Elektra at the Duke of York’s Theatre | ★★☆☆☆
After two and a half millennia, Sophocles can still pull in a crowd. This week saw the opening of Oedipus at the Old Vic, in which professional Creepy Lil’ Guy Rami Malek drawled his way through a thrilling evening of EDM and interpretive dance. In recent months we’ve seen Alexander Zeldin’s The Other Place, a despairing take on Antigone starring Emma D’Arcy, which turned the tale of kings and heroes into a bitter kitchen sink drama, and another Oedipus by the ever-wonderful Robert Icke.
Now it is the turn of Oscar winner Brie Larson to bring some Hollywood razzle-dazzle to Sophocles in Elektra, directed by a Daniel Fish still riding high from the success of his brilliant reimagining of Oklahoma!
Alas there is neither razzle nor dazzle in this ambitiously avant garde yet utterly inscrutable production, one which somehow turns a brisk 75 minutes into a miserable battle of attrition.
Larson certainly looks the part, with her suadehead haircut and Bikini Kill sleeveless t-shirt.

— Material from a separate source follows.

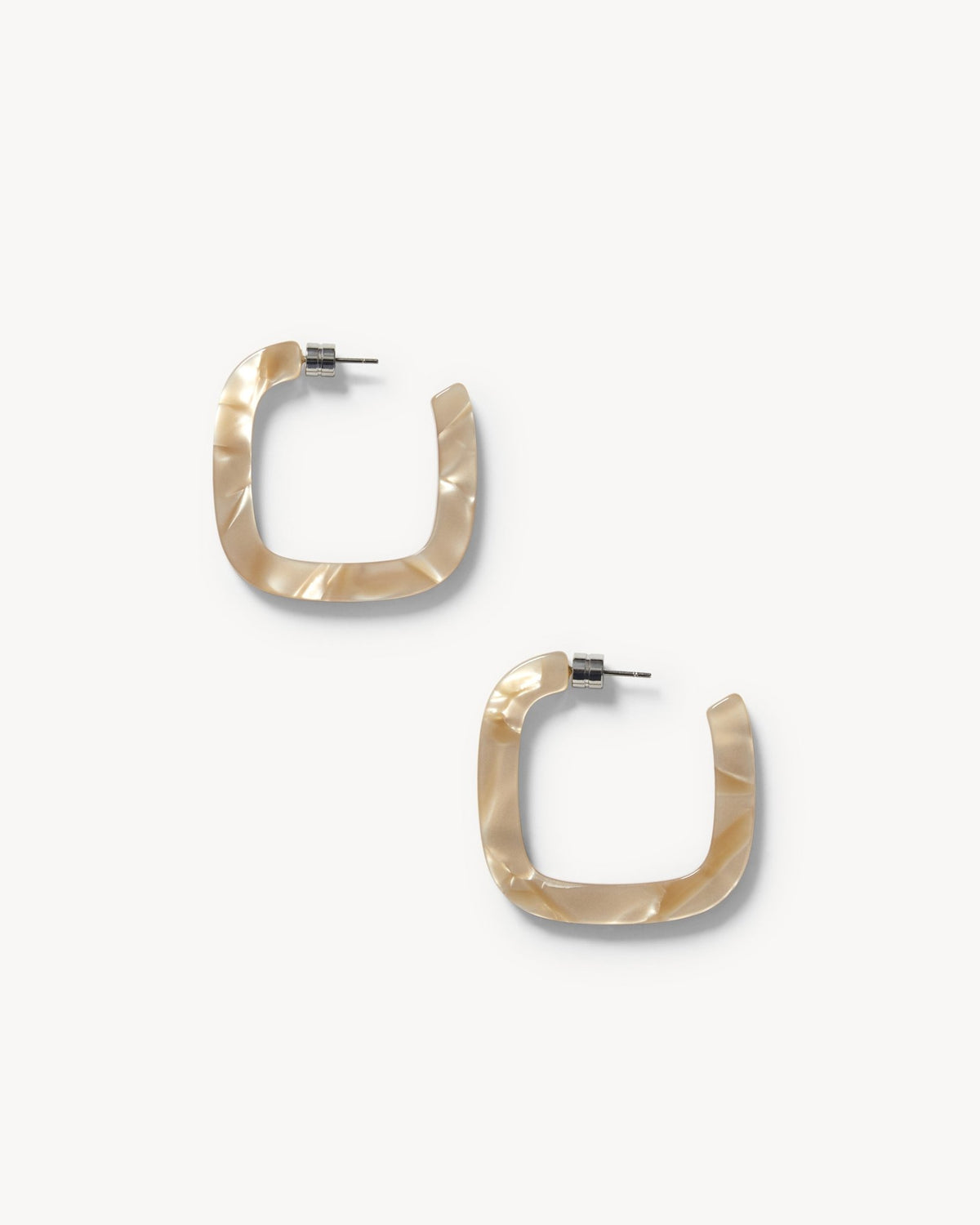 Midi Square Hoops in Sand Shell - MACHETE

Her Elektra stalks a sparse set on which various amps and mics and lights spin on a revolving stage, members of the chorus lurking at the back in silk gowns. A small blimp floats overhead for reasons I cannot fathom.
The play is largely a conversation between Elektra and the chorus, the former raging about her mother Clytemnestra, who recently murdered her father Agamemnon. Larson speaks, shouts and sings her lines into a microphone, occasionally switching it for a second mic that changes the pitch. As she bangs on about how sad and angry she is, every “no” is sung rather than spoken. Elektra has “noooooooooooo” peace. Hum, okay. Interesting. Why? Dunno.

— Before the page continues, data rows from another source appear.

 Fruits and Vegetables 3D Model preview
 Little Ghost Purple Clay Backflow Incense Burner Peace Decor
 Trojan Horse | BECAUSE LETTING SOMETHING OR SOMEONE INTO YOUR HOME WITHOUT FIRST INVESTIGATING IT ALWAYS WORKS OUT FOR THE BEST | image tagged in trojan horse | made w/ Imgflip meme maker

There are other strange, neat ideas smattered throughout, such as the streaks of black ink that increasingly cover the set and actors as things progress. Does this represent the blood on their hands? The darkness in their souls? Probably, yeah.
Occasionally Elektra is joined by members of her family – her sister sister Chrysothemis (Marième Diouf), her dismissive mother Clytemnestra (Stockard Channing), her racing driver brother Orestes (Patrick Vaill) and her smug father-in-law Aegisthus (Greg Hicks). As Larson is the only one with a microphone, these conversations feel distant and one-sided, like trying to talk to someone when you have a really bad cold. Again: why? Perhaps Elektra’s feelings of rage simply drown out the world around her. That works.
Larson makes the best of a bad lot – she has real presence on that intimidatingly empty stage and, as a sometime musician, she sings brilliantly when called upon. But she can’t save this play from feeling like a chore. The whole thing has the air of a work in progress, an early read-through in which the rough edges are yet to be smoothed, that special something still to be added.
“Is this the brilliant Elektra?” asks a character at one point. I was wondering the same thing.